Record excerpts

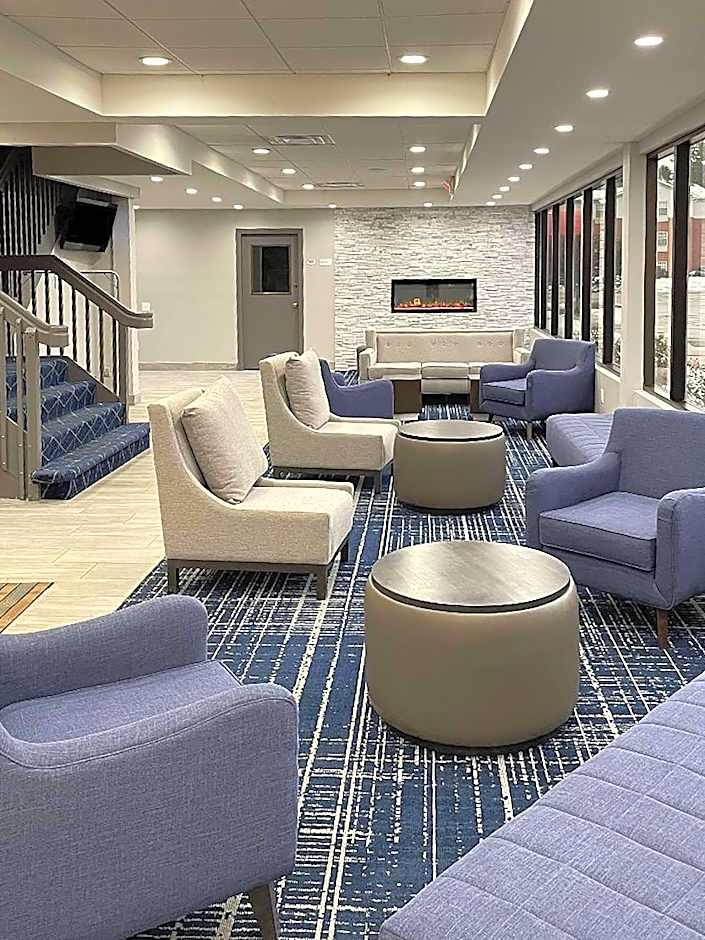 Suburban Extended Stay Roseville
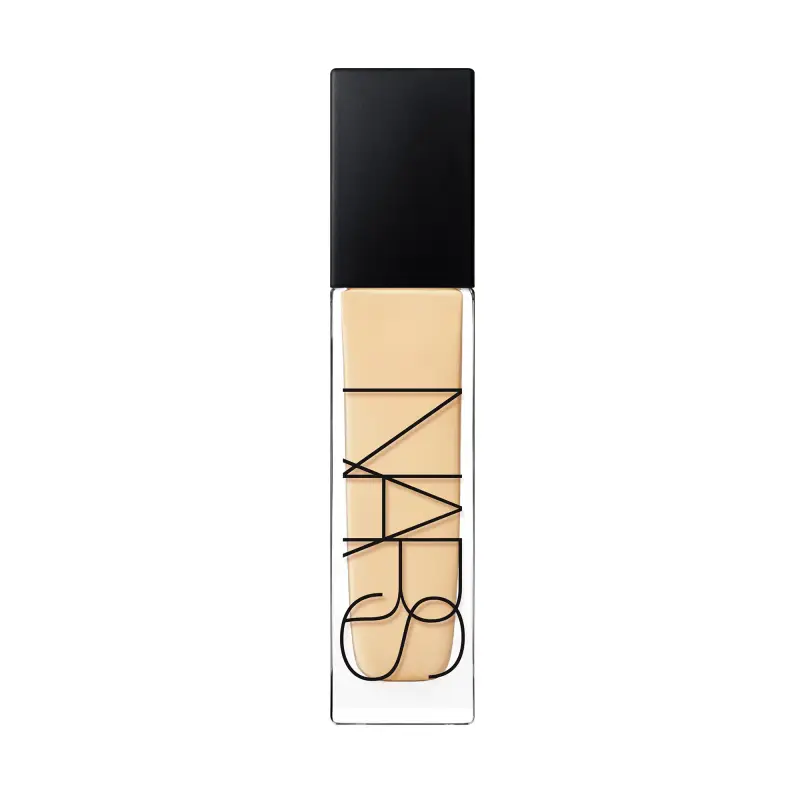 NARS Viso NATURAL RADIANT LONGWEAR FOUNDATION GOBI - Fondotinta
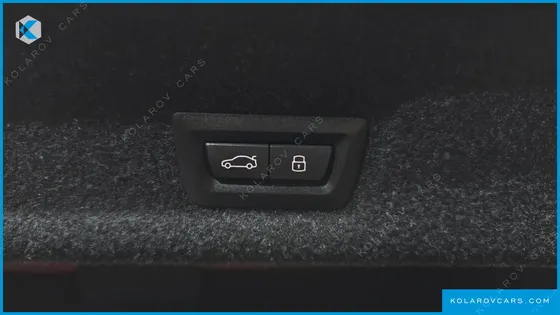 BMW 3 SERIES 320I M SPORT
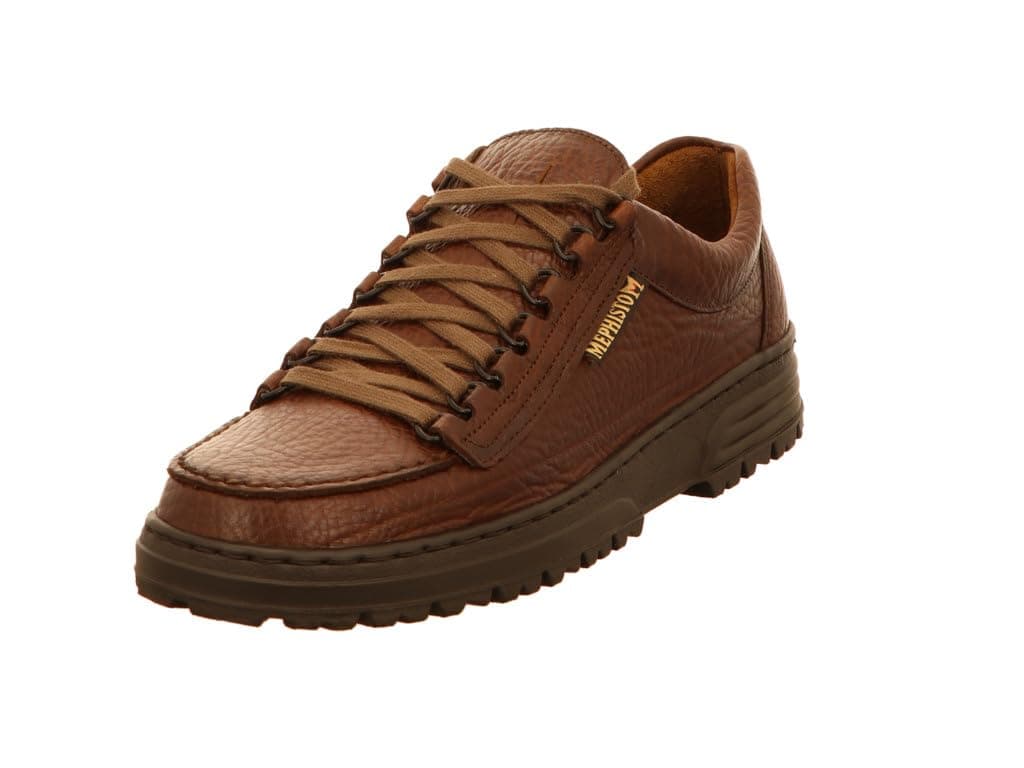 Mephisto Cruiser C840D05 Mens Lace-Up Shoe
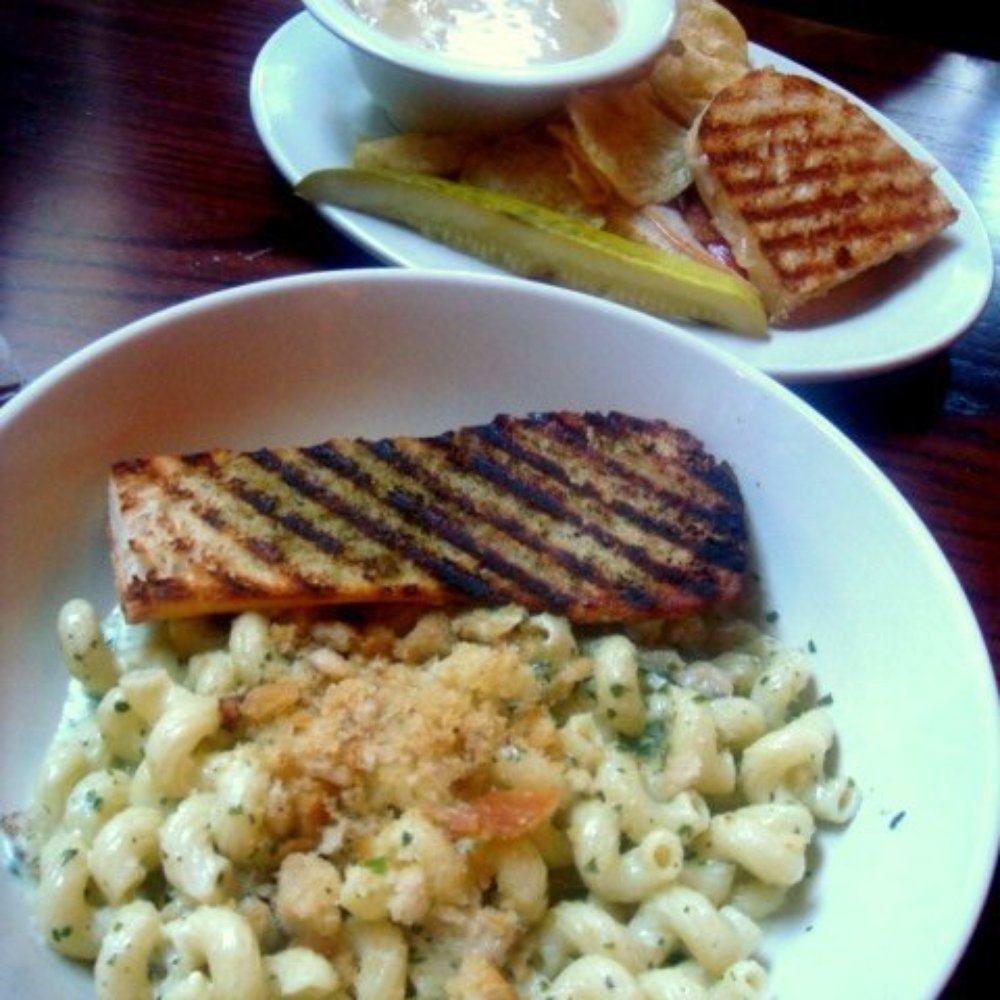 Corner Bakery Cafe - Bakeries Near Me - Houston, Texas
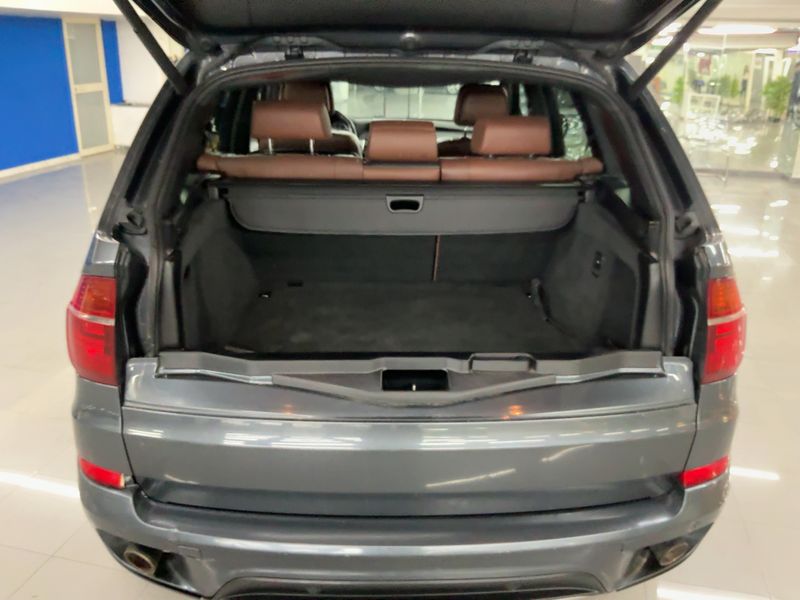 BMW X5 xDrive 30d 2011 – снимка 15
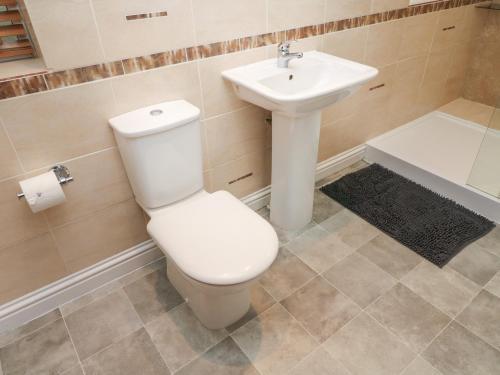 Apartamento 2 Eden Lodge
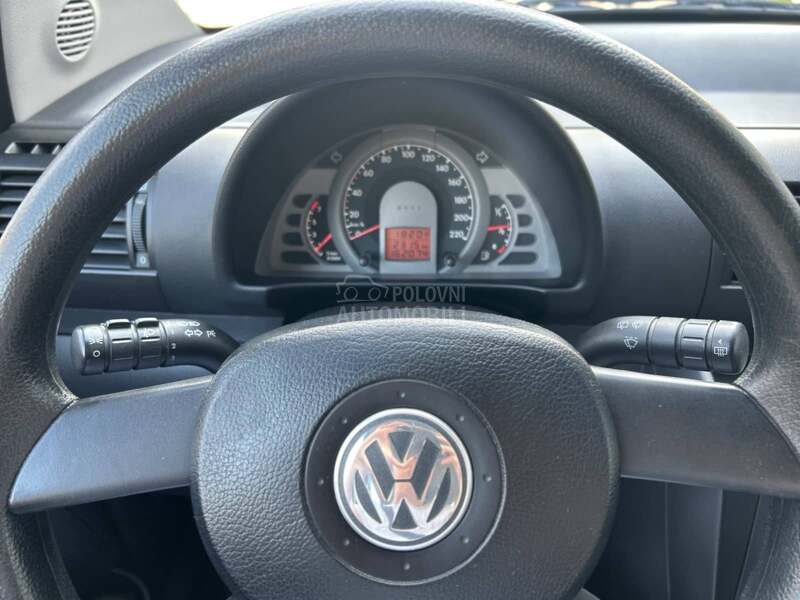 Volkswagen Fox 1.4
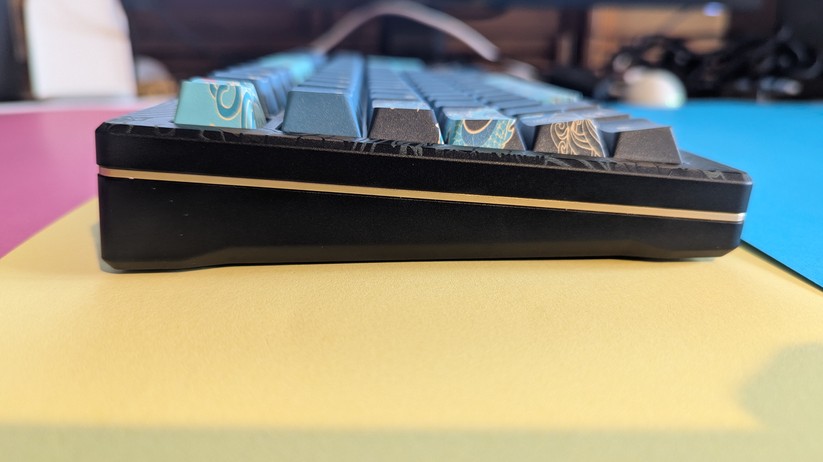 Akko Mod 007 HE Year of Dragon - Bilder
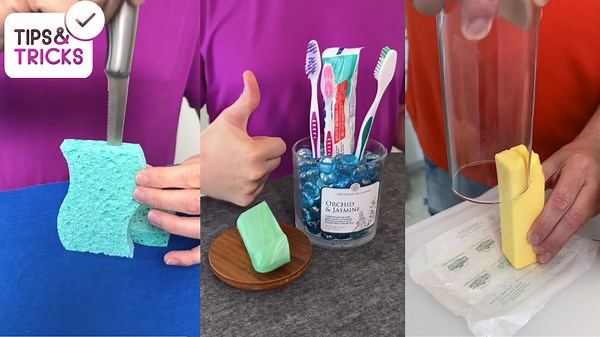 Easy Life Hacks for Everyday – Make Life Simpler! 💡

Task item
What you return should match the material line for line, with the images removed.

Response to this task
 Suburban Extended Stay Roseville
 NARS Viso NATURAL RADIANT LONGWEAR FOUNDATION GOBI - Fondotinta
 BMW 3 SERIES 320I M SPORT
 Mephisto Cruiser C840D05 Mens Lace-Up Shoe
 Corner Bakery Cafe - Bakeries Near Me - Houston, Texas
 BMW X5 xDrive 30d 2011 – снимка 15
 Apartamento 2 Eden Lodge
 Volkswagen Fox 1.4
 Akko Mod 007 HE Year of Dragon - Bilder
 Easy Life Hacks for Everyday – Make Life Simpler! 💡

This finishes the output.